Tuesday, January 13, 2009

What happen after no oil anymore?

I discovered something amazing recently and I tried to tell a bunch of friends about it. A guy in Illinois has, it seems, invented a device that can turn almost anything into oil, plus a few byproducts (all useful).

I, for example, could be transformed into 40 pounds of light sweet crude, 7 pounds of flammable gas, 8 pounds of high-quality mineral fertilizer, and 125 pounds of slightly cloudy water, give or take. Individual results may vary.

Inventor Paul Buskis is not planning to process people, of course. He's going after trash. His thermo-depolymerization process works on any carbon-based substance--chicken entrails, tires, plastic milk jugs, you name it. Garbage in, oil out--that's the promise.

My friends scoffed. "Sounds too good to be true," was their consensus. "It'll never work."

Ah, but it's already working.

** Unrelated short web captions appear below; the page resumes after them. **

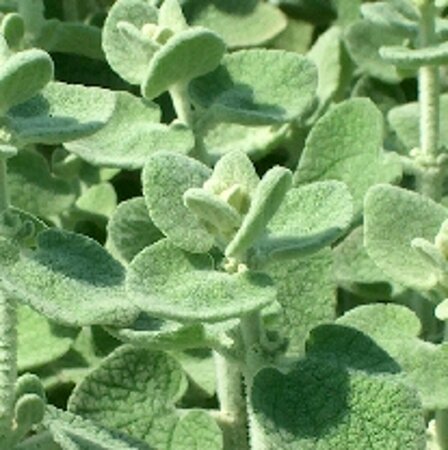 Ballota pseudodictamnus P9 - afbeelding 3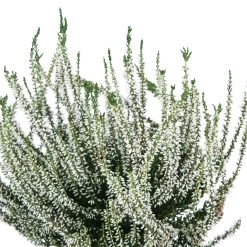 Knospenheide, Weiß, Topf-Ø 10,5/11 Cm, 8er-Set -Fashion Garden Store 0650100464 Calluna vulgaris Knospenblueher weiss 6er Set WS 95900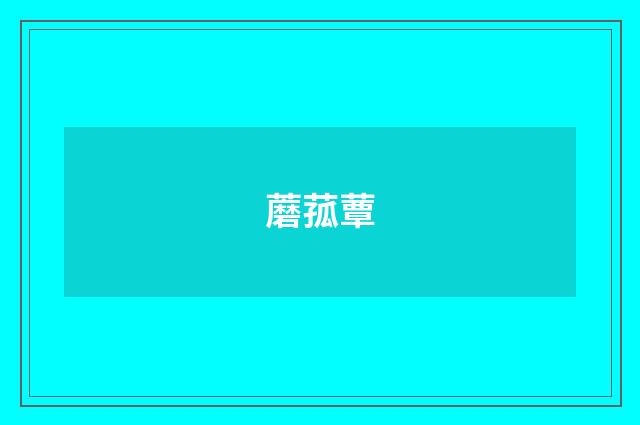 蘑菰蕈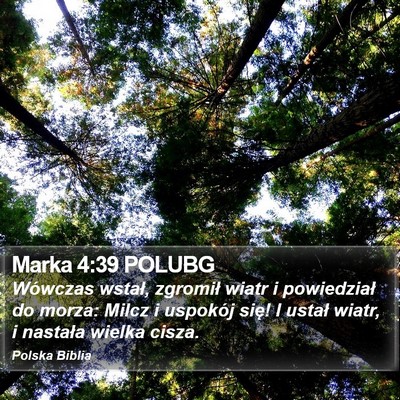 Marka 4:39 POLUBG Bible Verse Image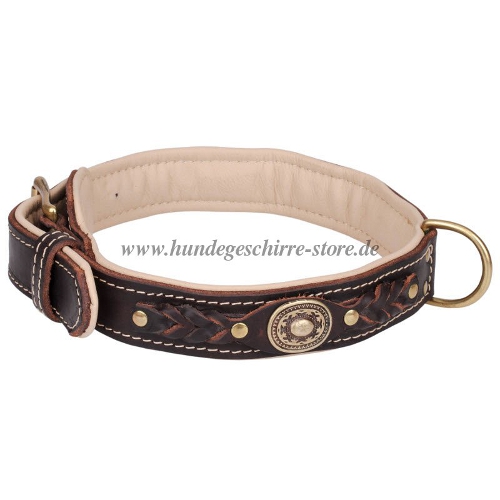 hundehalsband leder nappa design kaufen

A company called Changing World Technologies has built a plant in Carthage, Missouri, based on Buskis's process. It's producing 400 barrels of oil a day right now, extruded from the wastes of nearby turkey processing plants. The company is building another plant in Philadelphia to process sewage into black gold.

My friends would have none of this. They assured me the invention will emit toxic pollution. (It doesn't.) It will use more energy than it produces. (Quite the opposite.) It's voodoo science: "How can oil be created?"

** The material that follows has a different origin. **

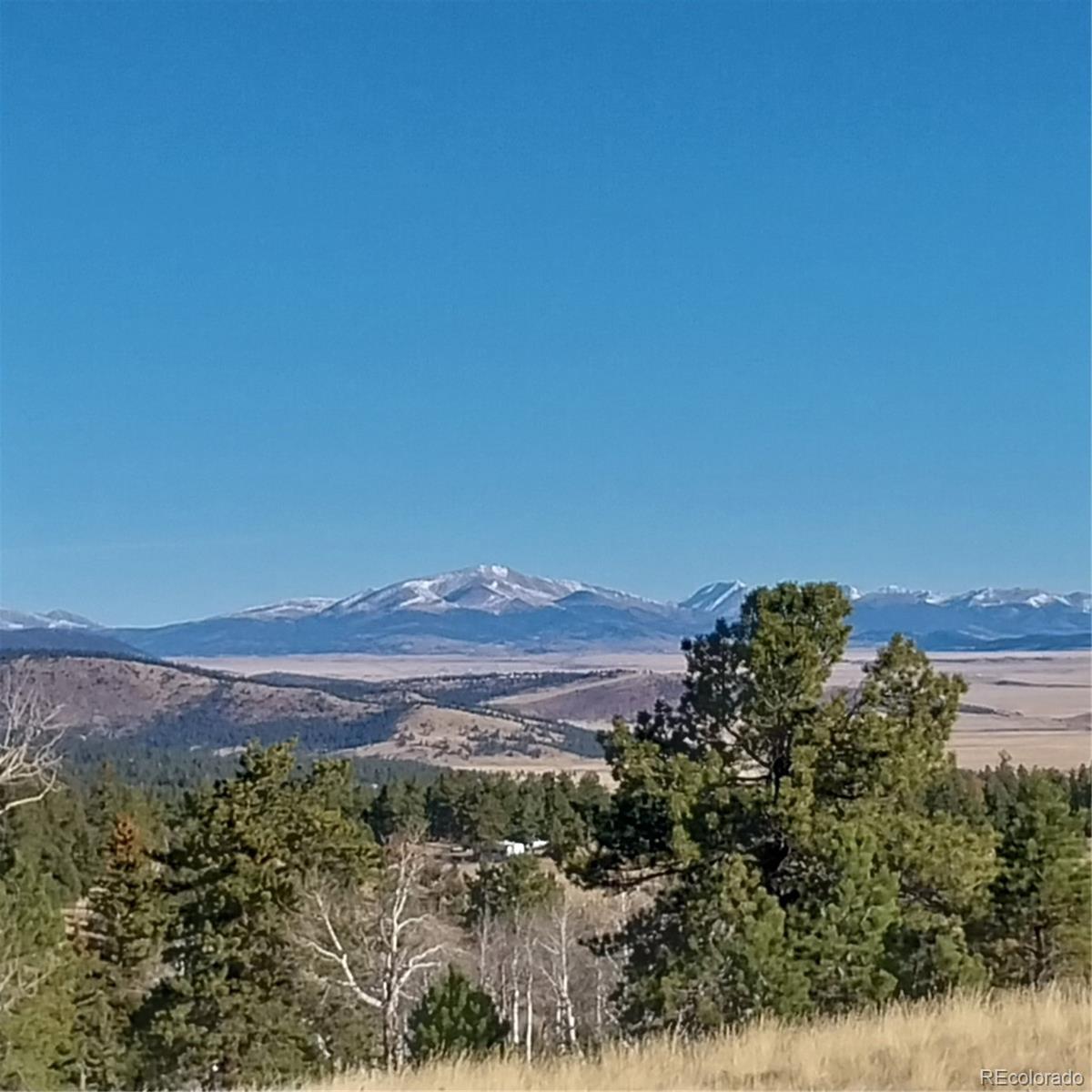 161 Kaufman Road Hartsel, CO 80449 - Photo 6 of 28 a view of a lush green field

Well, it's been done before. The earth created oil by heating, cooling, and squeezing the rotted remains of plants and animals. Buskis replicates that process mechanically. What took millions of years in nature, his process achieves in a day.

Inconceivable? Not really. Even in nature, Buskis says, the transformation occurred rapidly. What took millions of years was for the right conditions to line up by chance.

A monkey banging on a typewriter might take millions of years to come up with a great sonnet. That doesn't make us doubt that Shakespeare could do it in a day. But if this thing is real, my friends countered, why aren't people stampeding to buy the stock?

Because there is no stock. This technology is closely held by a small group of private investors including James Woolsey, a former director of the CIA, and Howard Buffet, son of the legendary investing genius Warren Buffet.

Ah. Now the skepticism faded away.

"I knew it," one of my friends uttered bitterly.

"And it's still oil," another scolded. "Burning it still creates pollution...."
Everyone leaned back, relieved. They had no trouble believing my news as long as it wasn't that thing with feathers. You know. Hope.